Professor Uchefula Chukwumaeze, the Vice Chancellor of Imo State University (IMSU), expressed his positive view on President Bola Tinubu’s student loan initiative, but emphasized that the success lies in effective implementation.
Speaking to reporters in Owerri on Sunday regarding Tinubu’s administration and the student loan, Chukwumaeze straightforwardly stated, “Any policy that ensures students have access to meals is commendable. However, the real challenge lies in how well it is executed. As I’ve mentioned, a law that ensures students’ well-being is a commendable one.”
Discussing matters concerning Imo State University, Chukwumaeze disclosed that he encounters daily threats in his relentless efforts to eliminate corruption and unprofessional behavior among certain lecturers within the institution. Explaining how he gathers information about such misconduct, he revealed that he established an email platform for students to report their concerns. He shared, “We receive about ten emails daily through the channels we’ve set up.”

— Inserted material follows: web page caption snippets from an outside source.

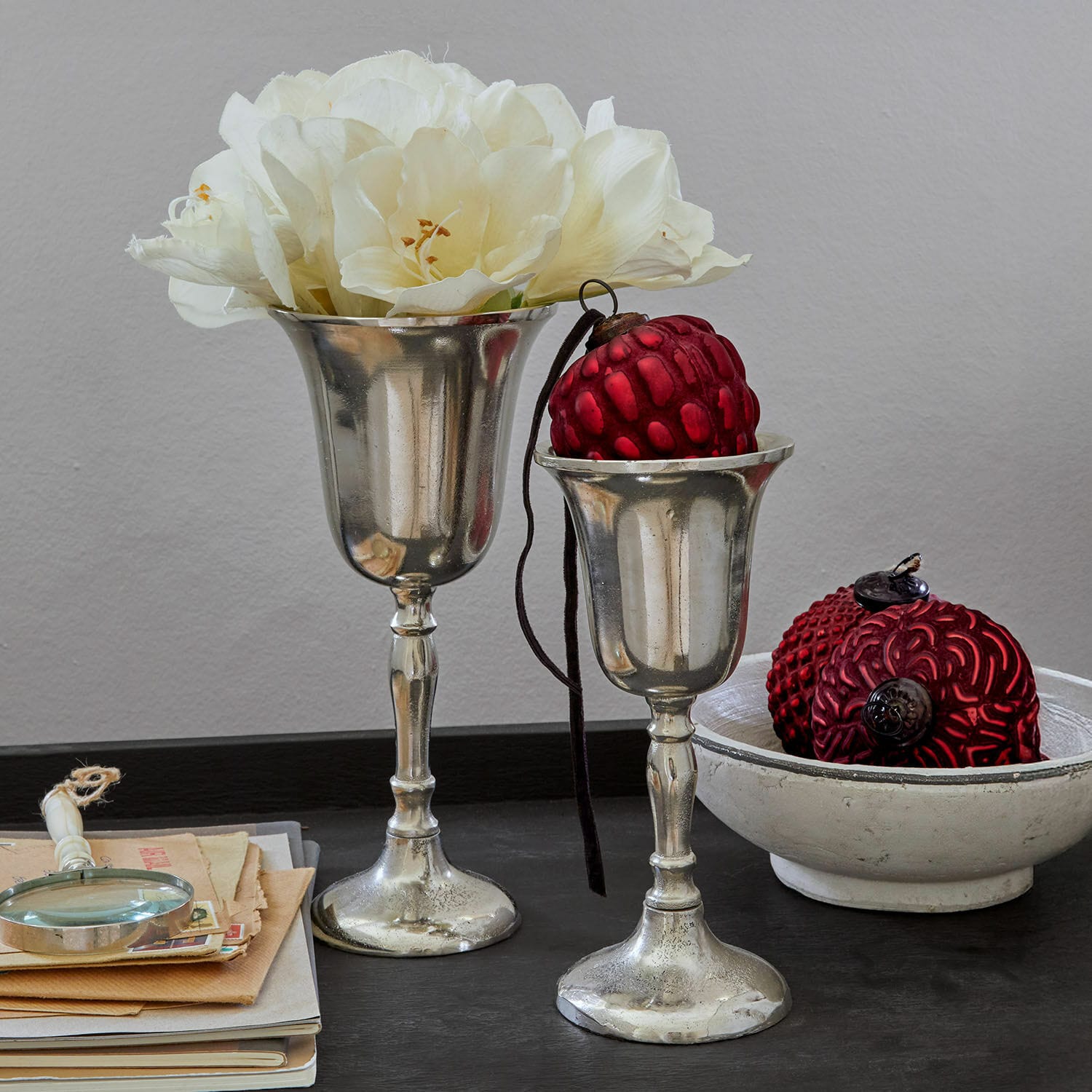 Lot de 2 vases Solérie Deux coupes argentées décoratives avec fleurs blanches et ornements rouges sur table noire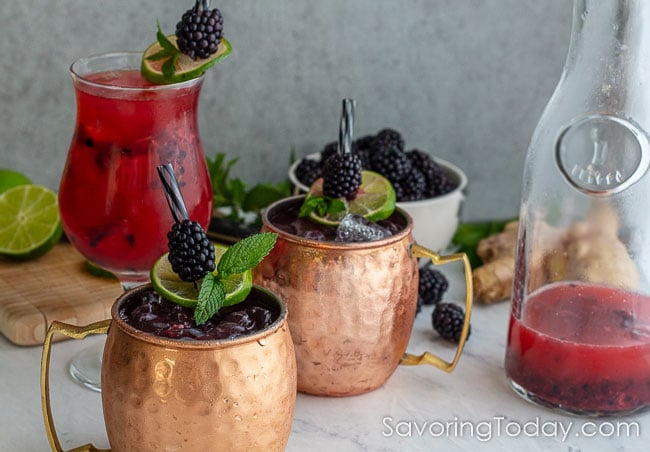 Cocktail in copper mugs and clear glass beside a liter pitcher and scattered blackberries.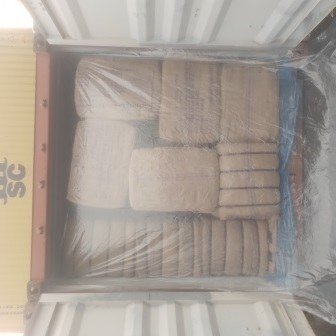 Bales of jute bags stacked inside a shipping container, photo 23 of 25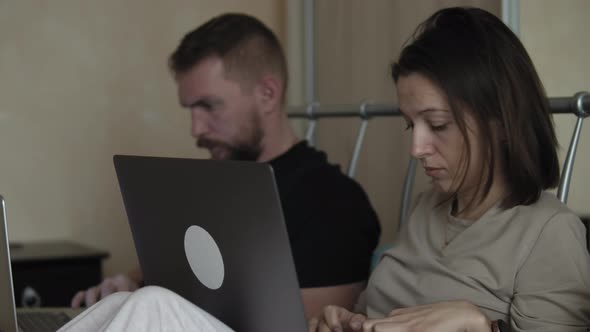 Couple On Bed Using Laptop Computers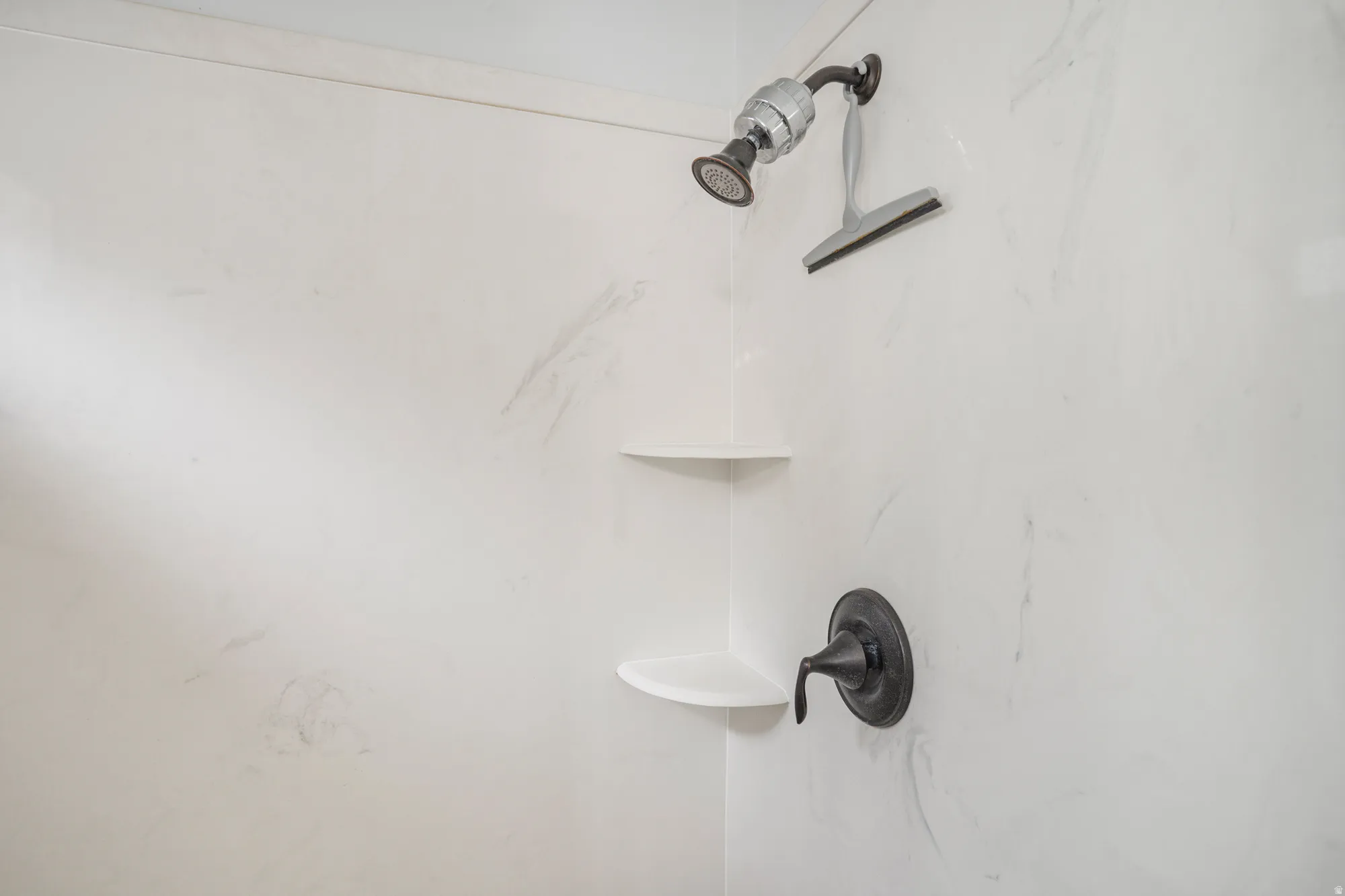 Shower featuring white stone-finish walls, a dark-finish shower head, and built-in corner shelving
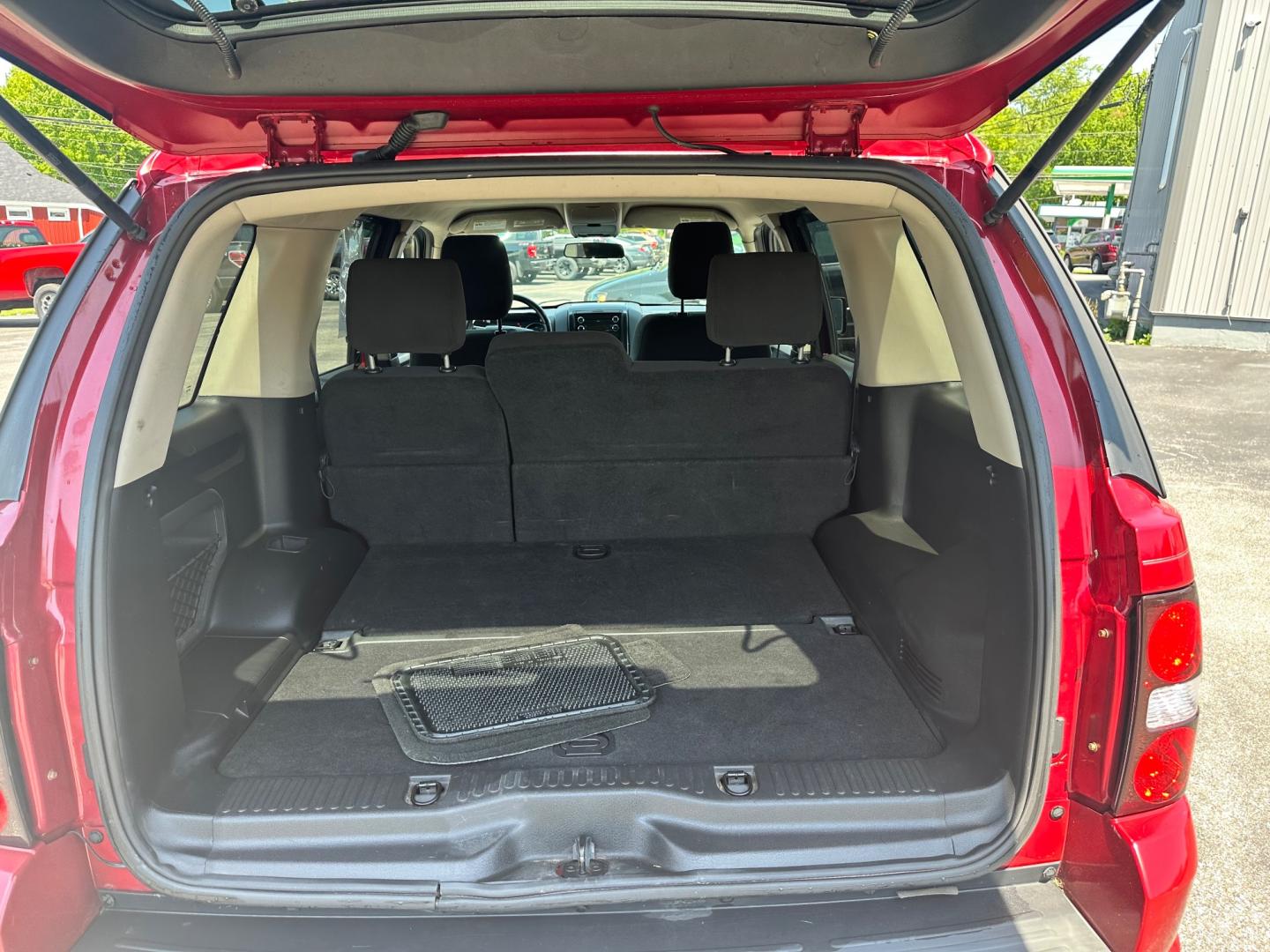 2009 Red /black Ford Explorer XLT (1FMEU73E89U) with an 4.0L V6 engine, 5-Speed Automatic transmission, located at 11115 Chardon Rd. , Chardon, OH, 44024, (440) 214-9705, 41.580246, -81.241943 - This 2009 Ford Explorer is a reliable and capable SUV, offering a 4.0L V6 engine paired with a 5-speed automatic transmission and full-time 4WD system. With a 3,500-pound towing capacity, it's suitable for moderate hauling needs. Additionally, the power driver's seat provides comfort and convenience - Photo#33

He elaborated on his approach, stating, “Upon inheriting a system riddled with corruption and rampant manipulation of results, I instituted an open-door policy to address these issues. I face threats constantly as I endeavor to root out corruption, but my faith is unwavering.
I am resolute and will persist in doing what is right. Our strategy involved setting up an anonymous email for students to communicate their challenges and experiences. Regularly, we receive emails from students, and upon review, we take appropriate action. We maintain the confidentiality of the complainants.”
Chukwumaeze highlighted, “We have taken measures to suspend lecturers for engaging in unprofessional conduct. We’ve put a halt to the sale of handouts and suspended seven lecturers. Our commitment extends to eradicating corruption across all aspects. Additionally, we’ve established a policy where no lecturer can possess exam scripts beyond four weeks after the conclusion of the examination period.”
Here’s a comprehensive overview of Nigeria’s new student loan law:
The Access to Higher Education Act, 2023, which was recently signed into law, has sparked a range of reactions. President Bola Tinubu’s administration aims to provide interest-free education loans to individuals seeking tertiary education in Nigeria. Commonly referred to as the Students Loan Act, the Access to Higher Education Act establishes an Education Loan Fund to assist Nigerians in funding their higher education. Repayment of these loans will commence two years after the completion of their participation in the National Youth Service Corps (NYSC) program.
Education Loan Fund:
The Nigerian Education Loan Fund is established by the Act to handle all aspects of loan requests, grants, disbursement, and loan recovery. Funding sources include one percent of federal government profits from oil and minerals, one percent of taxes from entities such as the Federal Inland Revenue Service (FIRS), Nigeria Immigration Service (NIS), and Nigerian Customs Service (NCS), education bonds, education endowment fund schemes, donations, gifts, grants, and other revenue.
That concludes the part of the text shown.